The resulting .gpkg file is a spatially enabled SQLite
database that can be used in GIS software or queried directly in R.
Load and Explore the Database
Once the GeoPackage is created, you can connect to it using
DBI and explore its contents. The database follows the
SSURGO schema, which includes tables like mapunit,
component, chorizon, and spatial layers such
as the spatial map unit polygon layer, mupolygon.
library(DBI)
library(RSQLite)
# Connect to the GeoPackage
con <- dbConnect(SQLite(), gpkg_path)
# List available tables
dbListTables(con)## [1] "chaashto" "chconsistence"
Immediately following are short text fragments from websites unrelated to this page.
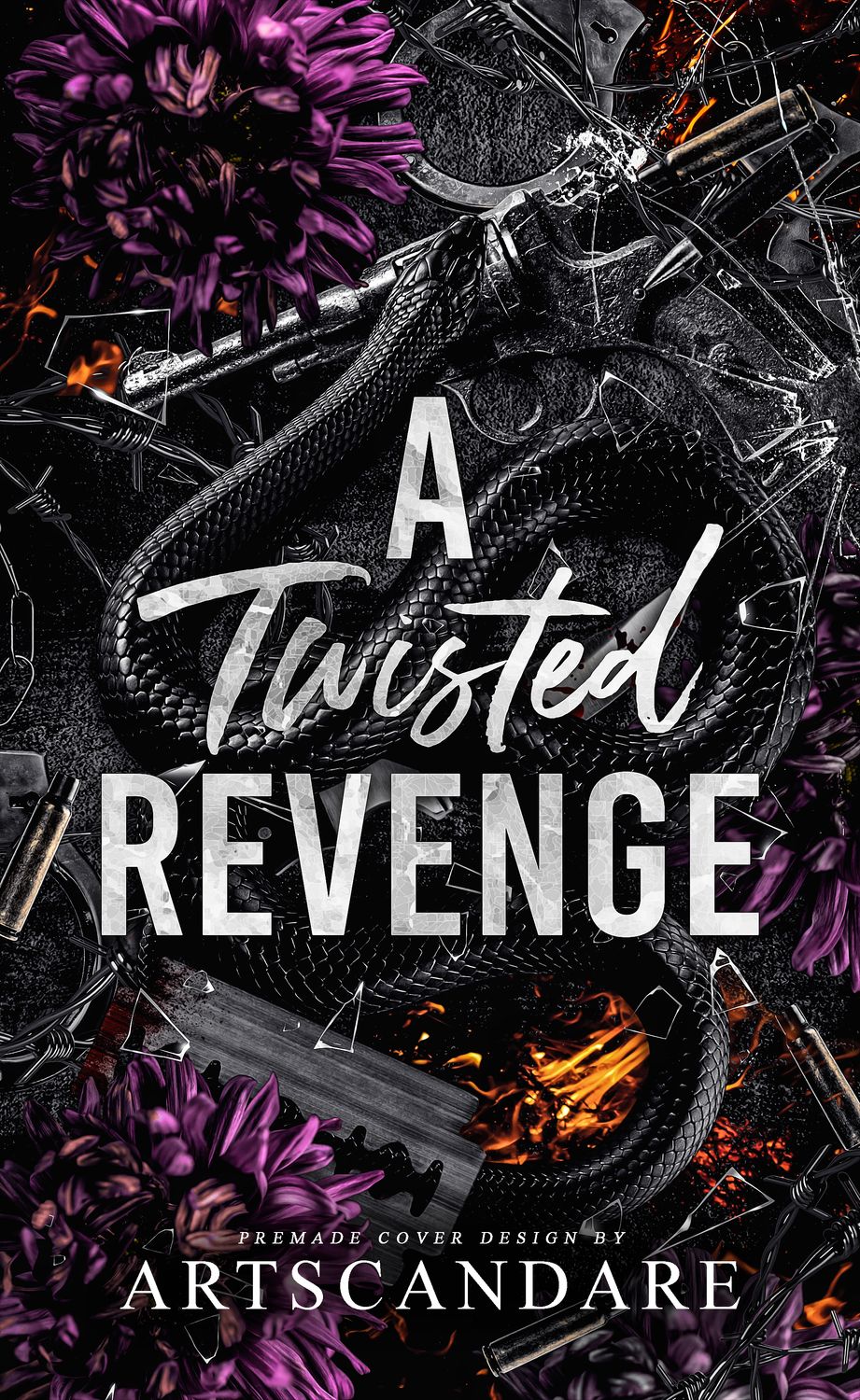 SINGLE COVER PACKAGE: A TWISTED REVENGE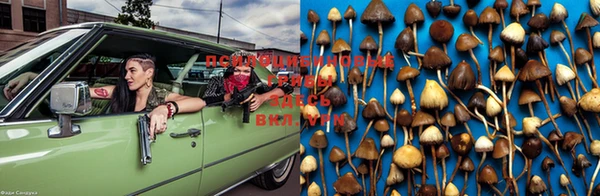 молекула духа Лиски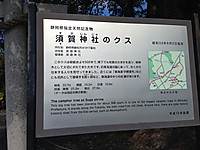 ec89090e.jpg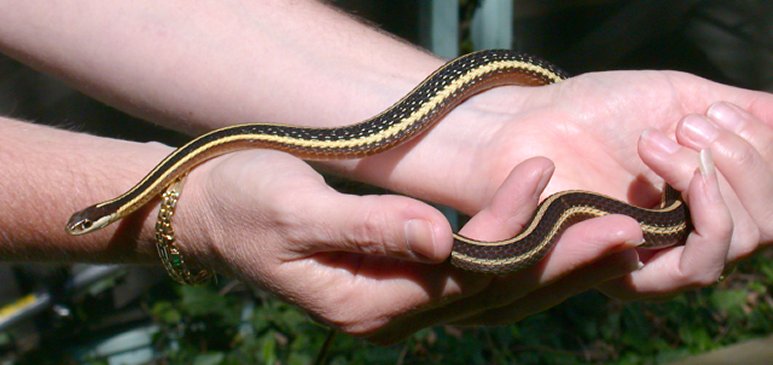Eastern Ribbon Snake photo #2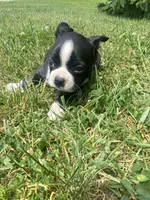 Hank, a male Boston Terrier for sale in Edgar, WI – 5 of 8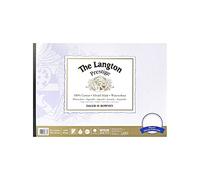 Daler-Rowney The Langton Prestige Bloc de papier aquarelle 300 g/m² 50,8 x 35,6 cm, collé 1 face, sans acide, 12 feuilles blanches naturelles, idéal pour les artistes professionnels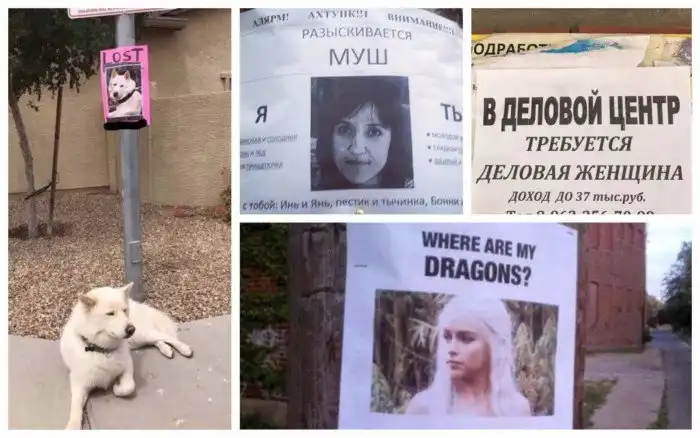 Кто ищет, тот всегда найдет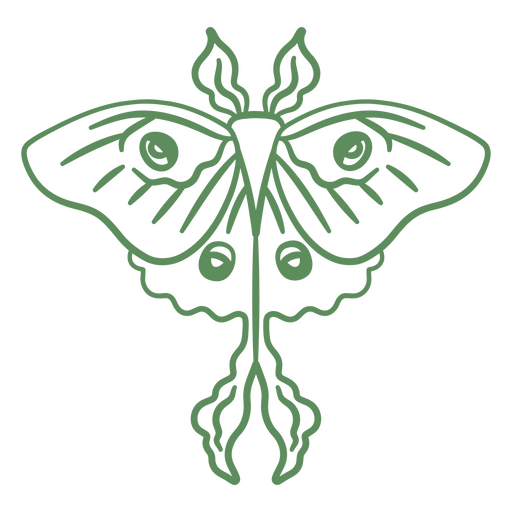 Patrón de ojos de mariposa verde Diseño PNG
## [3] "chdesgnsuffix" "chfrags"
## [5] "chorizon" "chpores"
## [7] "chstruct" "chstructgrp"
## [9] "chtexture" "chtexturegrp"
## [11] "chtexturemod" "chunified"
## [13] "cocropyld" "codiagfeatures"
## [15] "coecoclass" "coeplants"
## [17] "coerosionacc" "cogeomordesc"
## [19] "cohydriccriteria" "cointerp"
## [21] "comonth" "component"
## [23] "copm" "copmgrp"
## [25] "copwindbreak" "corestrictions"
## [27] "cosoilmoist" "cosurffrags"
## [29] "cosurfmorphgc" "cosurfmorphhpp"
## [31] "cosurfmorphmr" "cosurfmorphss"
## [33] "cotaxfmmin" "cotaxmoistcl"
## [35] "cotext" "cotreestomng"
## [37] "cotxfmother" "distinterpmd"
## [39] "distlegendmd" "distmd"
## [41] "featdesc" "featline"
## [43] "featpoint" "gpkg_contents"
## [45] "gpkg_extensions" "gpkg_geometry_columns"
## [47] "gpkg_ogr_contents" "gpkg_spatial_ref_sys"
## [49] "gpkg_tile_matrix" "gpkg_tile_matrix_set"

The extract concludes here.